Daher lädt M&R Sie ein, es sich auf der Couch bequem zu machen und mit Freud und den Freudomarxisten auf eine spannende Expedition in das eigene (verdrängte) Gefühls- und Triebleben zu gehen (dafür brauchen wir so viel Platz, dass die Rubrik »Feature & Debatte« ausnahmsweise entfällt): Aus einem Gespräch mit dem Vorsitzenden der Deutschen Gesellschaft für Psychoanalyse und Musik ist zu erfahren, warum die Tonkunst – vor allem die populäre – der Schlüssel zu einer »verlorenen Welt« unserer individuellen »Vorzeit« ist. Ben Watson von der Londoner Association of Musical Marxists führt uns vor Augen und Ohren, welche heilenden Kräfte Pop in Symbiose mit Psychoanalyse entfalten kann und was es zu entdecken gibt, wenn wir uns auf das Unbewusste der Kulturindustrie konzentrieren. Moshe Zuckermann erinnert uns daran, dass autoritärer Führerkult und Starkult näher beieinander liegen als so mancher Pop-Fan wahrhaben will.
Mit Analyse und Kritik begegnen wir auch dem aktuellen Zeitgeschehen. Während das Medien-Establishment die Eskalationen weiter anheizt (»Stoppt Putin jetzt!«), nimmt M&R die »Punkband« Pussy Riot – die Kulturkampf-Multifunktionswaffe gegen Russland – unter die Lupe. Wir zeigen, dass der Aufstand der »Muschis« vor allem eines ist: eine Inszenierung. Zu Beginn ihrer Karriere als Anti-Putin- Kämpferinnen präsentierten sich die Frauen als Rebellinnen in Springerstiefeln und Sturmhauben. Nunmehr lassen sie sich immer an der Seite der Mächtigen und Reichen als Models ablichten. Maskenlos und ganz ohne Punk.

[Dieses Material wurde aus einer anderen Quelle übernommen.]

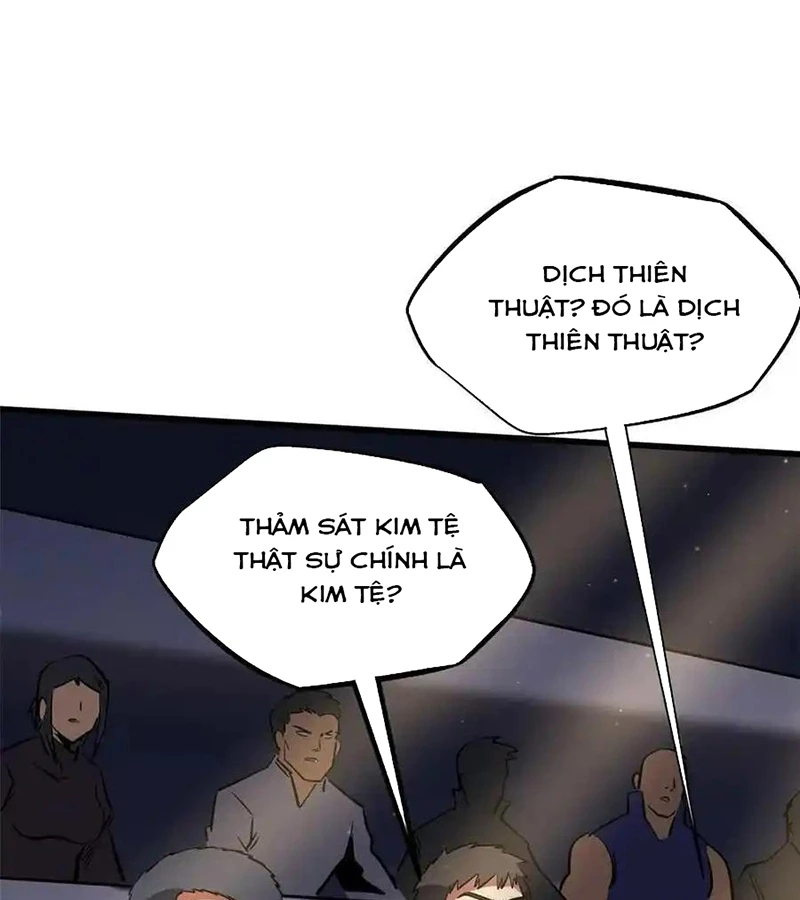 Siêu Cấp Thần Cơ Nhân Chapter 258 - Next Chapter 259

Der ungleiche Kampf der unabhängigen Musiklabels gegen den Internet-Giganten Google jedoch ist, wie M&R zeigt, ganz real. Gleiches gilt für den musikalischen Widerstand – ein Leitmotiv von M&R – gegen die inhumane Flüchtlingspolitik der EU, den wir begleiten. Wir sprechen mit einem Musiker, der erleben musste, was es heißt, ein Asylant und nicht frei zu sein. Genauso gut wissen das die Mitglieder der argentinischen Gefängnisband Rompiendo Sistemas. Sie führen uns aber auch vor, wie man mit Musik – das ist notwendig für das psychische Überleben – »die Welt zu einem weniger schlechten Ort machen« kann.
Sie merken schon, liebe Leser, nur gemütlich geht es auf der M&R-Couch nicht zu. Dafür ist die Gefahr, dass Sie vor Langeweile einschlafen, praktisch ausgeschlossen.